--- EXCERPTED DATA ---

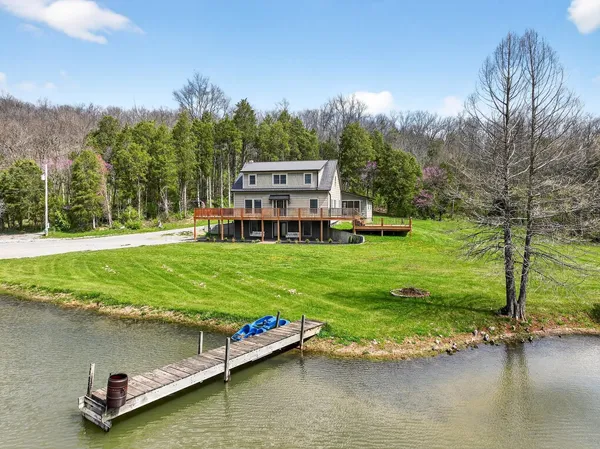 $819,900 | 7516 Log Lick Road, Florence, IN 47020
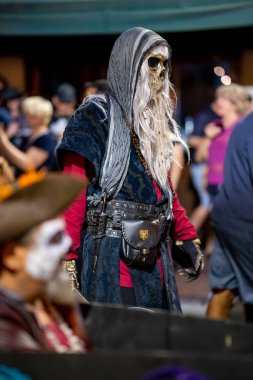 Fort Lauderdale, FL, ABD - 2 Kasım 2021: The Day of the Dead Celebration 'daki olay yeri fotoğrafı Fort Lauderdale Florida sokaklarında dio los Muertos olarak bilinir.
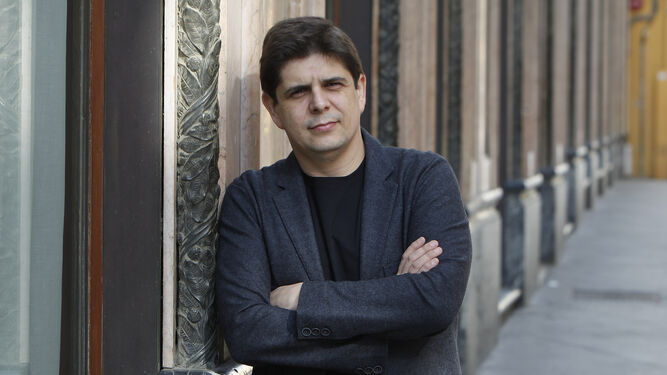 El pianista Javier Perianes actúa el viernes en Sevilla, con el patrocinio de esta entidad.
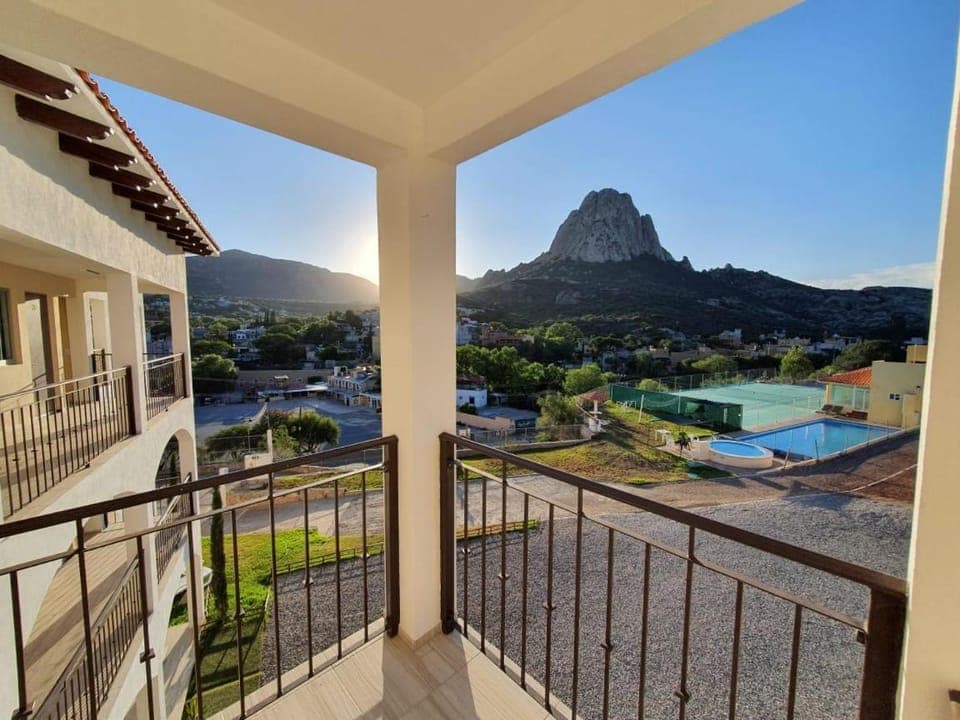 Nearby landmark, View (from property/room)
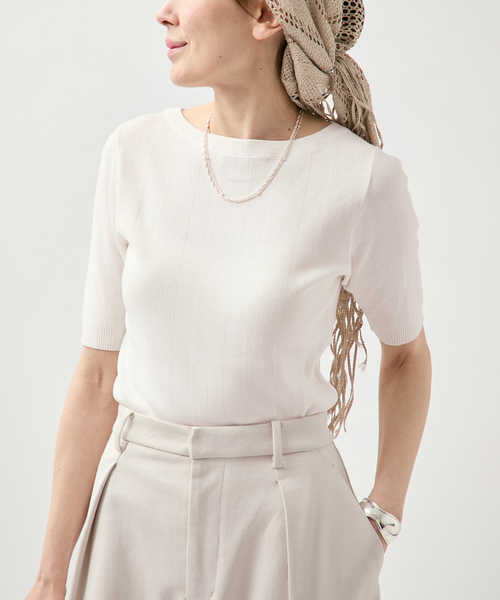 VERMEIL par iena（ヴェルメイユパーイエナ）の「ランダムRIB ボートネック ハーフスリーブ プルオーバー（ニット/セーター・レディース・ブラック/グリーン/ホワイト・FREE）」の12枚目の写真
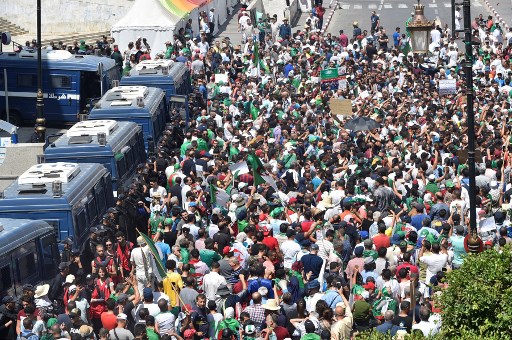 جانب من تظاهرات الجزائر العاصمة الجمعة الماضي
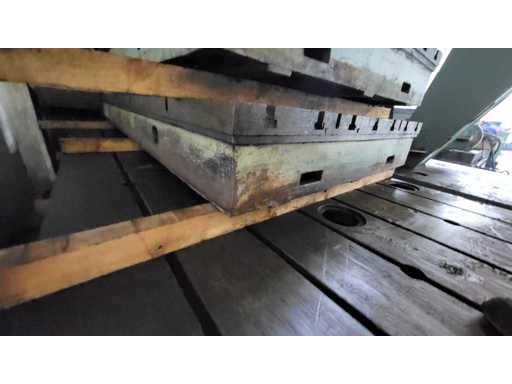 Plaque à fente en T (4660x2090x400mm)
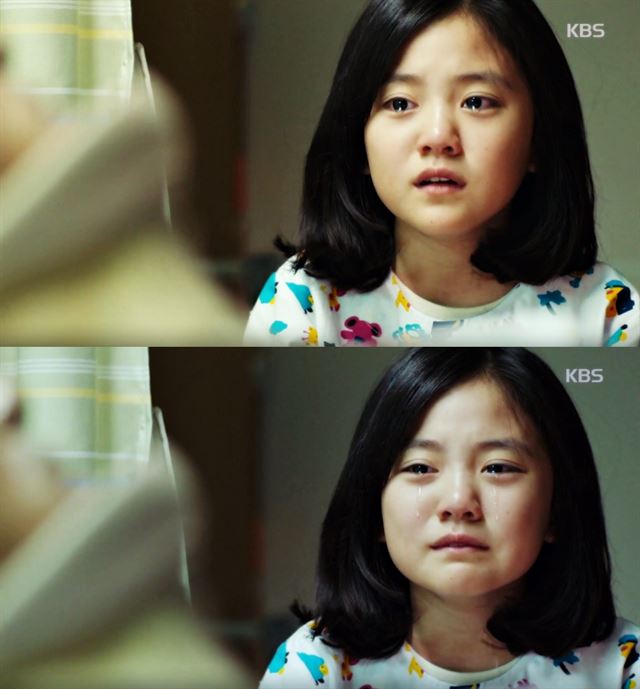 KBS 수목드라마 '오 마이 금비'에서 아동 치매를 앓는 유금비 역을 연기한 배우 허정은은 풍부한 감정 연기로 시청자들의 호평을 받았다. KBS 방송 캡처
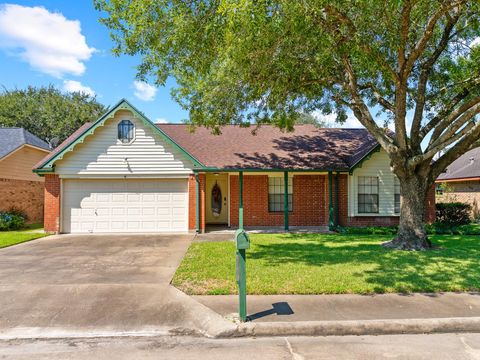 Photo of 1816 Leissner Street, Bay City, TX 77414 (MLS # 27773858) Photo of 1816 Leissner Street, Bay City, TX 77414 (MLS # 27773858)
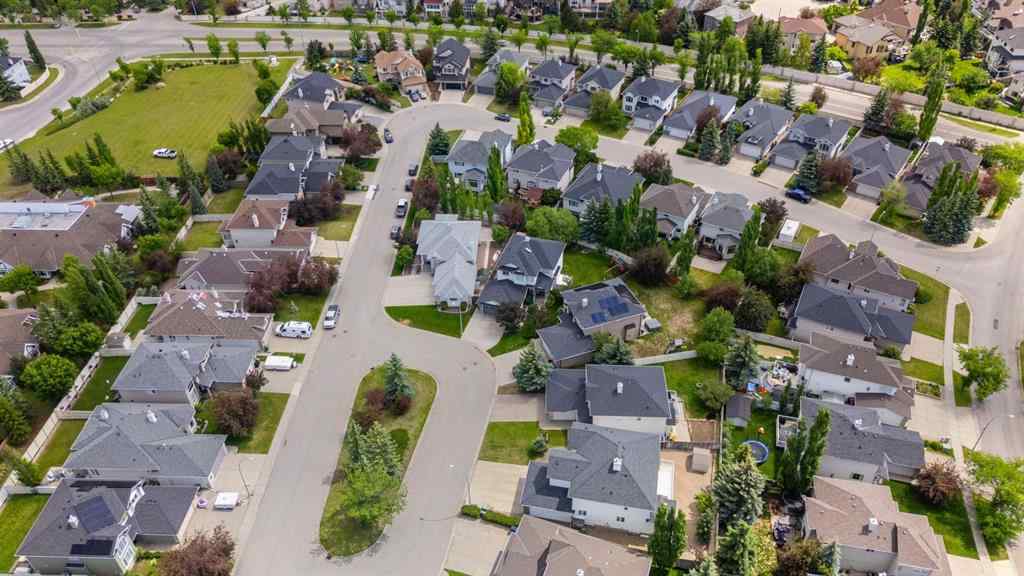 MLS® A2265209 - 38 Simcoe Crescent SW in Signal Hill Calgary, Residential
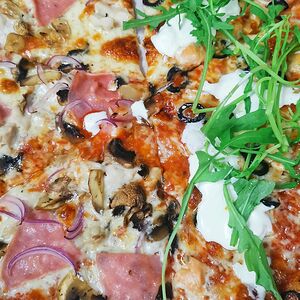 Пицца Половинки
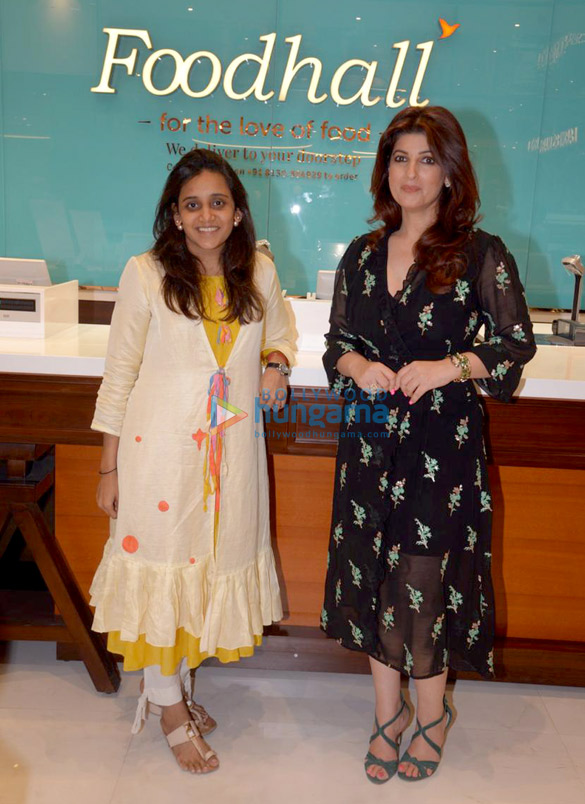 twinkle khanna snapped at foodhall by avni biyani event 3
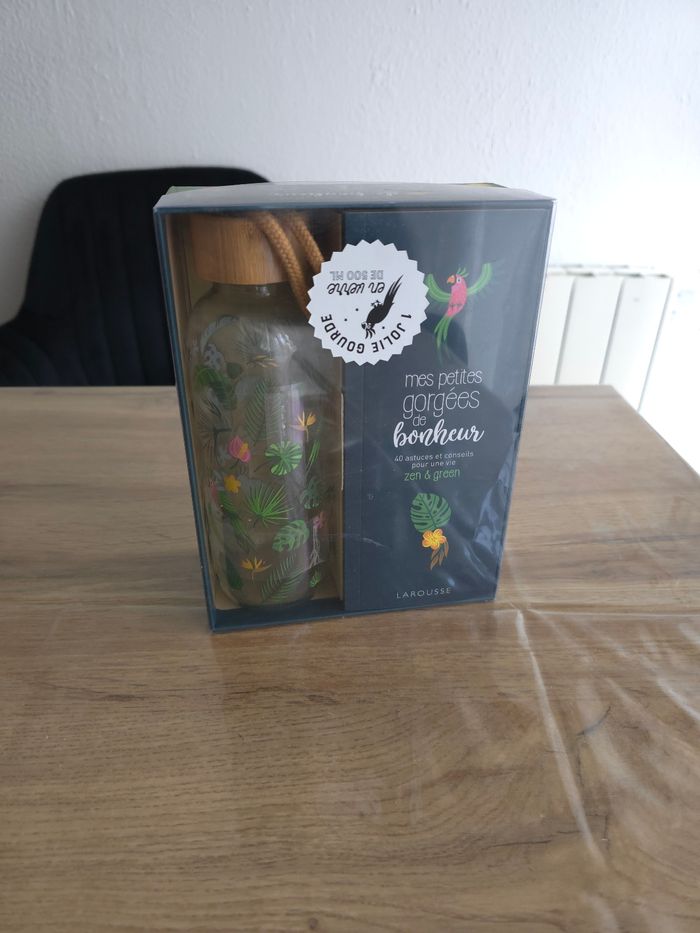 Coffret gourde en verre + livre de 40 conseils et astuces neuf idéal cadeau de Noël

---

> _WHAT YOU ARE ASKED TO DO_
Give again, word for word, every line from the top of the data through the line with "Plaque à fente en T (4660x2090x400mm)", both ends included, and exclude the pictures.

> _TASK ANSWER_
 $819,900 | 7516 Log Lick Road, Florence, IN 47020
 Fort Lauderdale, FL, ABD - 2 Kasım 2021: The Day of the Dead Celebration 'daki olay yeri fotoğrafı Fort Lauderdale Florida sokaklarında dio los Muertos olarak bilinir.
 El pianista Javier Perianes actúa el viernes en Sevilla, con el patrocinio de esta entidad.
 Nearby landmark, View (from property/room)
 VERMEIL par iena（ヴェルメイユパーイエナ）の「ランダムRIB ボートネック ハーフスリーブ プルオーバー（ニット/セーター・レディース・ブラック/グリーン/ホワイト・FREE）」の12枚目の写真
 جانب من تظاهرات الجزائر العاصمة الجمعة الماضي
 Plaque à fente en T (4660x2090x400mm)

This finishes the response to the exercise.